Al joven le parece un desperdicio. El sí sabría divertirse, en lugar del embajador. Se aburre, echa de menos la vida en la metrópoli. Así que acaba permitiéndose un pequeño asesinato y mata al embajador; telegrafía a Londres informando de la repentina muerte natural y le llega telegrama de vuelta asignándole el puesto que ha quedado vacante. ¡Ahora sí que se divierte! Nada de cambiarse ceremonialmente de ropa para cenar solo, ahora las cenas están llenas de chicas y bebida abundante, a cargo del imperio británico. Pocos meses después, nos cuenta Maugham, el joven está completa e irremediablemente loco.

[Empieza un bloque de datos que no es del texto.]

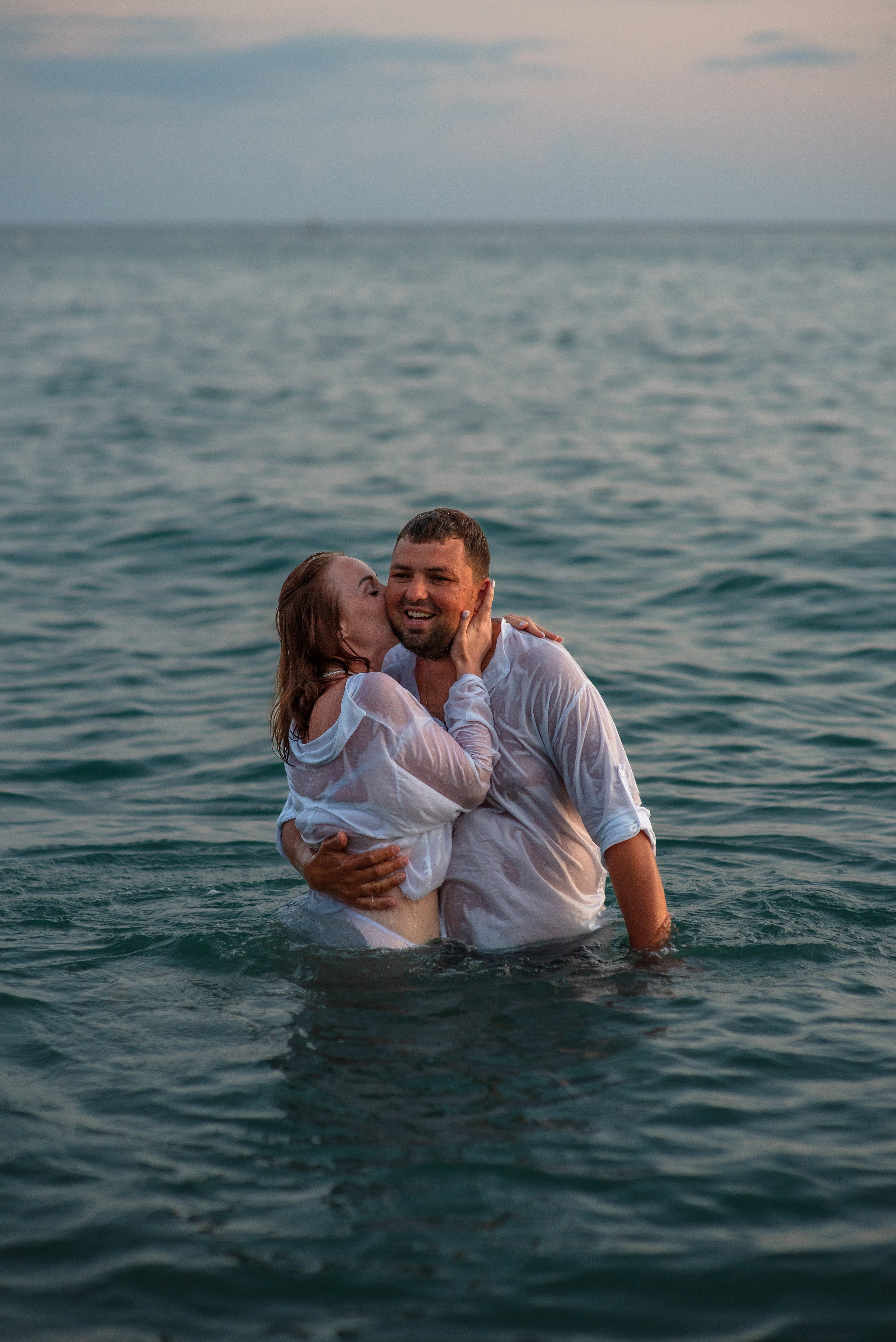 Love story Сергей и Александра. Детский и семейный фотограф Краснодар / Сочи Сергеева Олеся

Los peligros que corremos todos nosotros por relajar nuestra disciplina son así de graves; pero si quien relaja la disciplina es alguien con un poder grande, la desgracia subsiguiente crece exponencialmente. Por ejemplo, aquí hubo un gobernante que, en vez de permitirse un pequeño asesinato, se permitió unos cuantos porque, dada su posición, no iba a ser tan pacato como un ciudadano cualquiera. Durante buena parte de su mandato lo de robar fue, por supuesto, una bagatela, y ahora, años después, puede vérselo no ya con la luz encendida, sino a plena luz del sol sobre un yate carísimo. ¿Follando? No, eso lo puede hacer cualquiera con la edad adecuada, aun siendo pobre. La degeneración de este prócer pasa por fumar puros de auténtico millonario y, entre calada y calada, repartir generosamente su conocimiento, para que hagamos lo que él dice: invadir Venezuela y derribar al gobierno de aquí, elegido en las urnas.

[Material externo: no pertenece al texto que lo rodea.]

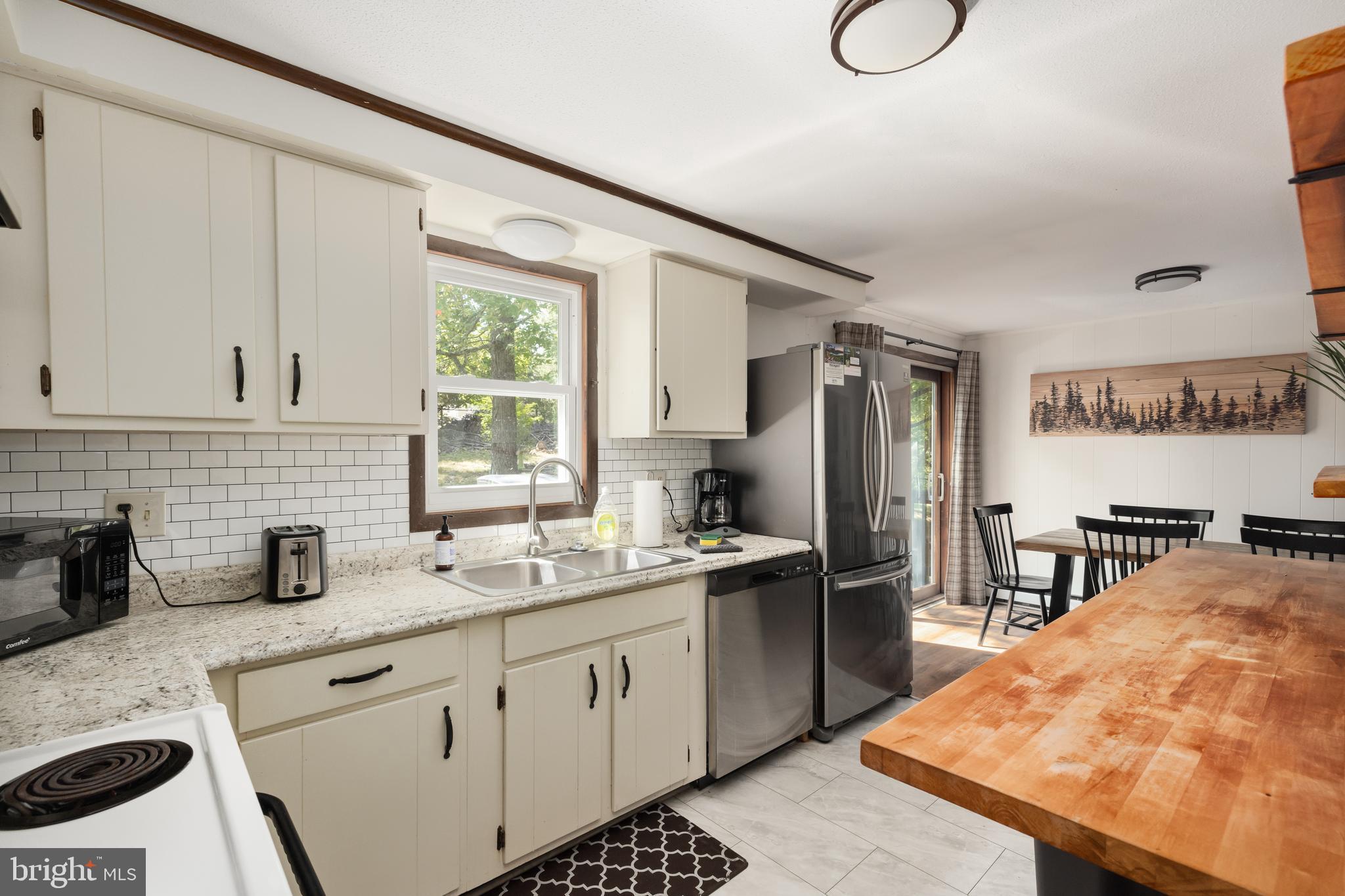 BERKELEY SPRINGS - Residential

Lo que pasa es que la relajación de la disciplina de un gobernante no es un asunto privado. Los presidentes no pueden matar a quien les parezca, ni los reyes robar lo que quieran, sin la aquiescencia de los paganos, todos nosotros. Cierto que muchos de estos la otorgan obligados, porque les apuntan la sien con una pistola, pero para esto se necesita una parte importante de la población cómplice, dispuesta a usar así la pistola. Por eso, cuando, por alguna razón inesperada, surge una oportunidad de revisar lo que se hizo, esta parte inmediatamente dice, e impone con facilidad, que no miremos nada. Lo cual asegura que parecidas barbaridades puedan seguir cometiéndose con tranquilidad: sus autores se saben impunes a perpetuidad.

Es un signo de cordura cambiar las costumbres. Mantener las nefastas es un signo claro de todo lo contrario.